Did You Miss Albis Leasing's (ETR:ALG) Impressive 118% Share Price Gain?

When you buy shares in a company, it's worth keeping in mind the possibility that it could fail, and you could lose your money. But on a lighter note, a good company can see its share price rise well over 100%. For instance, the price of Albis Leasing AG (ETR:ALG) stock is up an impressive 118% over the last five years. On top of that, the share price is up 38% in about a quarter.

View our latest analysis for Albis Leasing

While the efficient markets hypothesis continues to be taught by some, it has been proven that markets are over-reactive dynamic systems, and investors are not always rational. One imperfect but simple way to consider how the market perception of a company has shifted is to compare the change in the earnings per share (EPS) with the share price movement.

During five years of share price growth, Albis Leasing achieved compound earnings per share (EPS) growth of 1.5% per year. This EPS growth is lower than the 17% average annual increase in the share price. This suggests that market participants hold the company in higher regard, these days. And that's hardly shocking given the track record of growth.

The company's earnings per share (over time) is depicted in the image below (click to see the exact numbers).

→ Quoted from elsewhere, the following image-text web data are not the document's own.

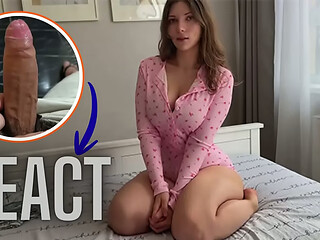 React: My stepsister set a trap for me, and I lost control when I saw her naked body&mdash_I fell right into it!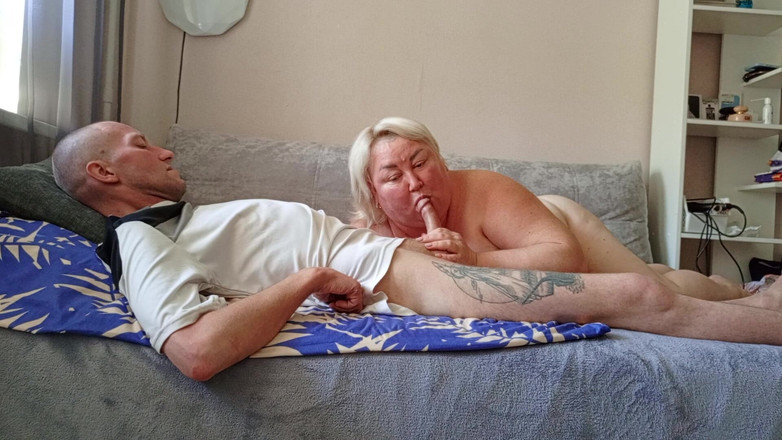 Zona901: Jag kom till min onanerande styvmamma för att ge mig...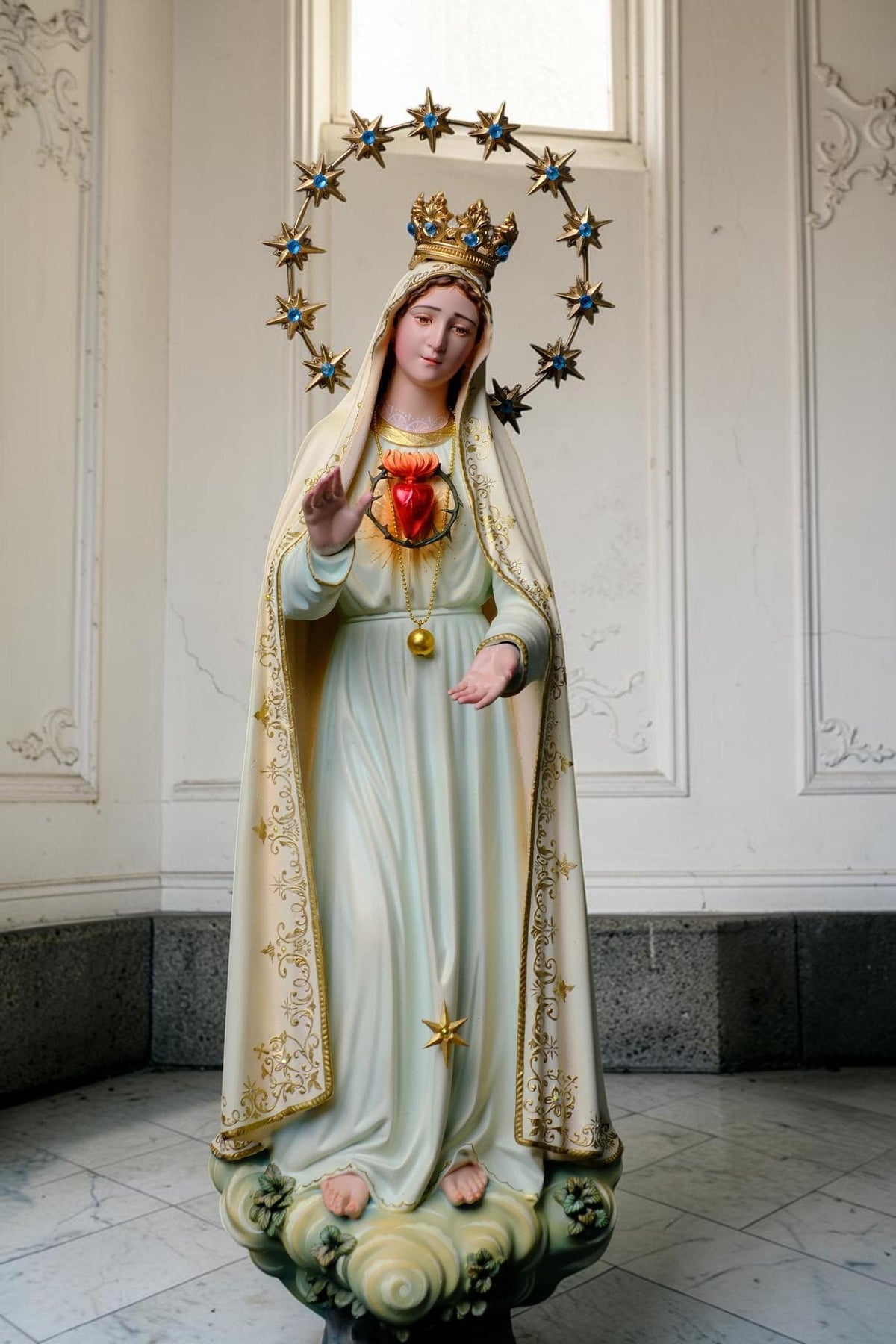 Our Lady of Fatima Statue 40cm, Fatima Queen Catholic Statue, Virgin Mary Statue, Hand Painted Marian Decor, Catholic Gift, Home Altar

XTRA:ALG Past and Future Earnings, February 18th 2020
XTRA:ALG Past and Future Earnings, February 18th 2020

It might be well worthwhile taking a look at our free report on Albis Leasing's earnings, revenue and cash flow.

What About Dividends?

It is important to consider the total shareholder return, as well as the share price return, for any given stock. The TSR is a return calculation that accounts for the value of cash dividends (assuming that any dividend received was reinvested) and the calculated value of any discounted capital raisings and spin-offs. Arguably, the TSR gives a more comprehensive picture of the return generated by a stock. As it happens, Albis Leasing's TSR for the last 5 years was 130%, which exceeds the share price return mentioned earlier. And there's no prize for guessing that the dividend payments largely explain the divergence!

A Different Perspective

It's good to see that Albis Leasing has rewarded shareholders with a total shareholder return of 21% in the last twelve months. Of course, that includes the dividend. That's better than the annualised return of 18% over half a decade, implying that the company is doing better recently. In the best case scenario, this may hint at some real business momentum, implying that now could be a great time to delve deeper. While it is well worth considering the different impacts that market conditions can have on the share price, there are other factors that are even more important. Take risks, for example - Albis Leasing has 5 warning signs (and 1 which can't be ignored) we think you should know about.

But note: Albis Leasing may not be the best stock to buy. So take a peek at this free list of interesting companies with past earnings growth (and further growth forecast).

Please note, the market returns quoted in this article reflect the market weighted average returns of stocks that currently trade on DE exchanges.

If you spot an error that warrants correction, please contact the editor at editorial-team@simplywallst.com. This article by Simply Wall St is general in nature. It does not constitute a recommendation to buy or sell any stock, and does not take account of your objectives, or your financial situation. Simply Wall St has no position in the stocks mentioned.

We aim to bring you long-term focused research analysis driven by fundamental data. Note that our analysis may not factor in the latest price-sensitive company announcements or qualitative material. Thank you for reading.